Now we consider l=k>0.  How many ways? We have l=k  non zero rows of the l\times m  matrix, which means all rows must be nonzero. Without loss of generality, for counting, we could assume that, the rows are ordered. The last row (l^{th} row can be be done in 2^{m}-1,  since there anything other than all 0 vector (of size m) is allowed. On (l-1)-th row, anything other than that of row l is allowed. There are 2^{m}-2 ways here. l-2-th row can have anything except any linear combination of the rows l and l-1. This is nothing but 2^m-\left({\binom{2}{0}+\binom{2}{1}+\binom{2}{2}}\right)=2^m-2^2. Row l-3 then have 2^m-\left(\binom{3}{0}+\binom{3}{1}+\binom{3}{2}\right)=2^m-2^3 and so on. In all, Following the same procedure, we can have a total of  

= \left(2^m-1\right) \left(2^m-2^1\right)\left(2^m-2^2\right)\ldots \left(2^m-2^{l-1}\right)

=\left(2^m-1\right) 2^{1} \left(2^{m-1}-1\right) 2^{2} \left(2^{m-2}-1\right) \ldots 2^{l-1}\left(2^{m-l+1}-1\right)

=2^{0} 2^{1} 2^{2} \ldots 2^{l-1}\left(2^m-1\right)\left(2^{m-1}-1\right)\left(2^{m-2}-1\right)\ldots\left(2^{m-l+1}-1\right)

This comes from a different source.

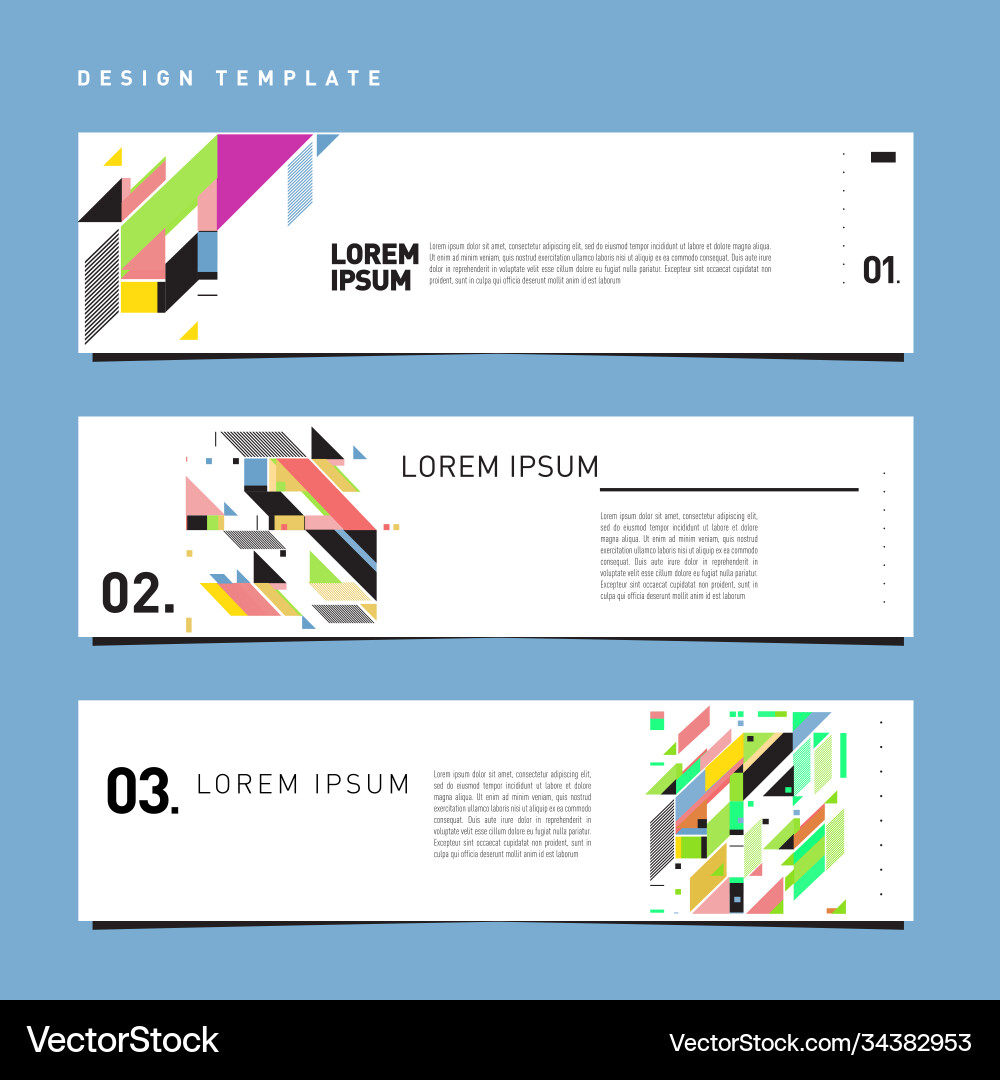Set abstract banner web design template retro Set abstract banner web design template retro vector image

=\prod_{i=0}^{l-1}{{2^i}\left(2^{m-i}-1\right)}

=\prod_{i=0}^{l-1}{\left(2^{m}-2^{i}\right)}

=\prod_{i=0}^{l-1}{2^m \left(1-2^{i-m}\right)}

=2^{ml} \prod_{i=0}^{l-1}{ \left(1-2^{i-m}\right)}

 ways.  For l>k>0, we can construct a rank k matrix of size l \times m in any of the following ways:

  1.  Take a rank k-1 matrix of size (l-1) \times m and add an independent row.
  2.  Take a rank k matrix of size (l-1) \times m and add a dependent row.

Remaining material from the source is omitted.